Professor Emma Griffin

Emma Griffin

Former position

Turing Fellow

Partner Institution

Bio

Emma Griffin is a Professor of Modern British History at the UEA. She is the author of several books, the editor of the Historical Journal, and a Fellow of the Royal Historical Society.

Emma was educated at London and Cambridge and is now based at the University of East Anglia. She is the author of four books, most recently Liberty's Dawn: A People's History of the British Industrial Revolution, published by Yale UP in 2013, as well as many articles, essays and reviews in both academic and non-academic publications. Her current project is focused on women and work in Victorian Britain and explores the emotions of family life and the origins and consequences of low female pay.

Research interests

Emma is a Co-I on the Living with Machines project. Her particular interest in the project is exploring how data science can help scholars to make sense of the vast amount of historical data available for Victorian Britain. The inaugural census of 1801 took a head count of Britain’s population, and subsequent censuses held at ten-yearly intervals, gathered increasingly intricate information about where individuals lived, where they had been born, the people they lived with, and the jobs they performed.

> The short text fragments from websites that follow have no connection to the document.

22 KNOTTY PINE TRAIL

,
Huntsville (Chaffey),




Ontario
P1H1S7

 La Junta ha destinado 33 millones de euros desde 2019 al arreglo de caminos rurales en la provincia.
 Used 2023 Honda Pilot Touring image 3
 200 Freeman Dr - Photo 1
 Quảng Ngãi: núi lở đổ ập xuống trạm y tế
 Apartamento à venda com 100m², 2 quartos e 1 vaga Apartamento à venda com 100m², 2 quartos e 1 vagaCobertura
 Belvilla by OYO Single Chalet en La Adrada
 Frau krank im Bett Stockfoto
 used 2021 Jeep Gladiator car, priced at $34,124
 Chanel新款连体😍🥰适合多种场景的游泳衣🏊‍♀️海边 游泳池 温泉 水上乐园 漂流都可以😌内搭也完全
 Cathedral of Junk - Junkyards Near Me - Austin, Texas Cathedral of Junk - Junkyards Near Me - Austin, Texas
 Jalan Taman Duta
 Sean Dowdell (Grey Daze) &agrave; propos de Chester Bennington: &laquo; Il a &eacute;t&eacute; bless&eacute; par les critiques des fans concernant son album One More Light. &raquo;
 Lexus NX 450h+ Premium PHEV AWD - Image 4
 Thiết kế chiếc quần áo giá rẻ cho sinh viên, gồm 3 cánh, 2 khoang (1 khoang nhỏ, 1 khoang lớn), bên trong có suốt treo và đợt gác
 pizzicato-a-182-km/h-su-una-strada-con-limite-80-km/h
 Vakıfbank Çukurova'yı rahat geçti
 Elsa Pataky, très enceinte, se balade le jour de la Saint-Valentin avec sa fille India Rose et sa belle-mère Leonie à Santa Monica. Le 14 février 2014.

Along with the registration of births, marriages, and deaths, this provides us with billions of data points – an unparalleled trove of information about the lives of people during the world’s first industrial revolution. Most of the sources that the project will work with are well known to historians, but historians don’t by training have the skills to work with very large datasets. Much of Emma's contribution to the project involves collaborating with data-scientists to develop effective ways of probing this vast collection of records.